The most significant statement made in last night’s Fox News debate was one that didn’t generate much attention at the time, although it appears to be sinking in this morning.
Donald Trump doubled down on his claim that women and children related to terrorists are fair game to be killed. The sins of the fathers will be visited on the children, apparently, in a Trump administration. (Not the sins of his father after being being arrested at KKK rally, of course.)
When Trump was challenged that military leaders would never comply with his horrific dictates, he replied that they would do what I tell them to do. That’s what leadership is.
Wow. Just, wow.
I had no idea Trump had no idea what leadership is. I figured he was just feigning ignorance as part of his act. But no. He really has no idea how to lead anyone not on his payroll.
As horrific as his desire to commit war crimes may be, his definition of leadership is even more disturbing because it has implications on everything.
It’s been my privilege to observe some highly effective leaders and to study their wisdom for more than two decades. John C. Maxwell, widely recognized as the top leadership guru alive today, sums up the critical impact leadership has across the board: “Everything rises and falls on leadership.”
Maxwell also defined leadership in a different way than Trump, “Leadership is influence. Nothing more, nothing less.”
Maxwell famously gave us his 5 Levels of Leadership paradigm to illustrate how influence grows. It begins with positional leadership–the lowest level of influence–where people follow us because we have a title.
It is the place most of us start, but it is the weakest level of leadership. It is where people follow you because they have to.

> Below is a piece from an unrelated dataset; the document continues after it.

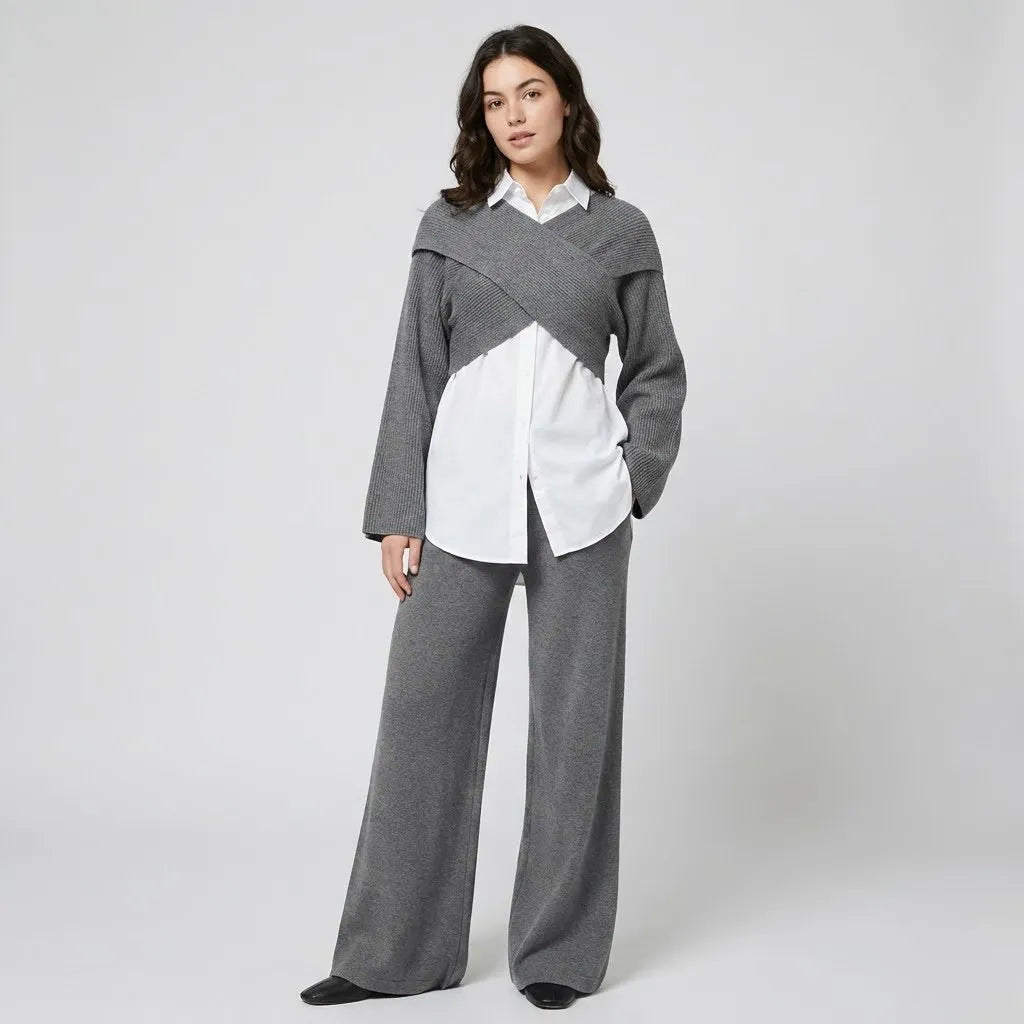 Conjunto Feminino com Saia Midi e Camadas Modernas para Conforto Urbano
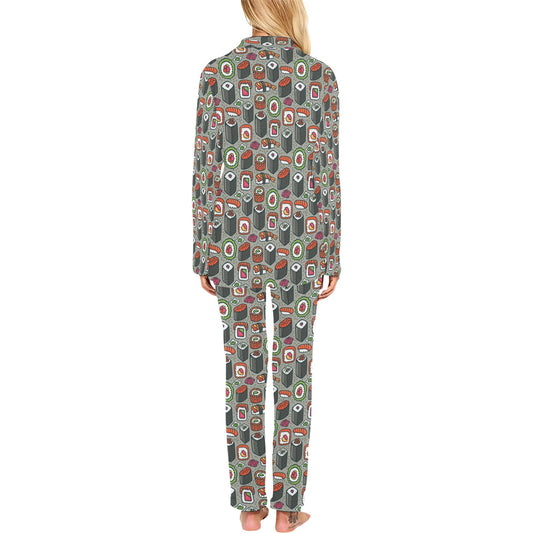 Sushi Print Design LKS301 Women's Long Pajama Set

They know their job is on the line so they go along, whether they want to or not.
Positional leadership is what fledgling shift managers at McDonald’s use to get teens to follow their lead. It is the flimsiest influence one can wield, yet Trump claims it as his very definition of leadership.
They will do what I tell them to do because I tell them to do it. At best, he is relying on his position as Commander-in-Chief (shudder) to be sufficient. Worse, he’s appealing to the same sort of magical Trump mystique that fleeced thousands in Trump University.

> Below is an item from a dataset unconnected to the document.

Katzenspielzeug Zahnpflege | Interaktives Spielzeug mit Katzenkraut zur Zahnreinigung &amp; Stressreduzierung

Either way, we have a problem. It is exactly the approach Obama took — I won, you lost. Do what I want.
All he’ll have to do is tell them to do it and they will do it. Why? Because he is in charge. He has a title. He is Trump.
This is how he’s going to get things done? By telling people to do it and they will? Seriously?
If he actually believes that he is seriously deluded.
We’re talking about ordering military leaders to violate their conscience, leaders who’ve built their entire careers around understanding influence in order to rise–not because they have a position, but because their leadership has merited the position.
That kind of influence must be earned over time, not dictated by decree.
But even if Trump could earn it, note well what he would tell them to do–violate their conscience.
He would order military men and women to kill the wives and children of terrorists. His fanboy Vladamir Putin would never admit to such war crimes on television.
Even Jack Bauer of 24 fame wouldn’t go that far. Come to think of it, a Trump Presidency would feel a lot like like living in a never-ending season of 24.
At what point would an exhausted nation tire of saying no to Trump’s immoral commands and simply let her conscience be raped–just to get it over with?
Don’t tell me that Trump will nominate judges to defend our freedom of conscience and religious liberty when he would expect military leaders to set aside their conscience to obey his murderous commands.
What was Trump’s message last night to military leaders who would refuse to kill women and children?
And here I thought we were trying to select a leader who would help extinguish the cultural wildfire, not pour gasoline on it.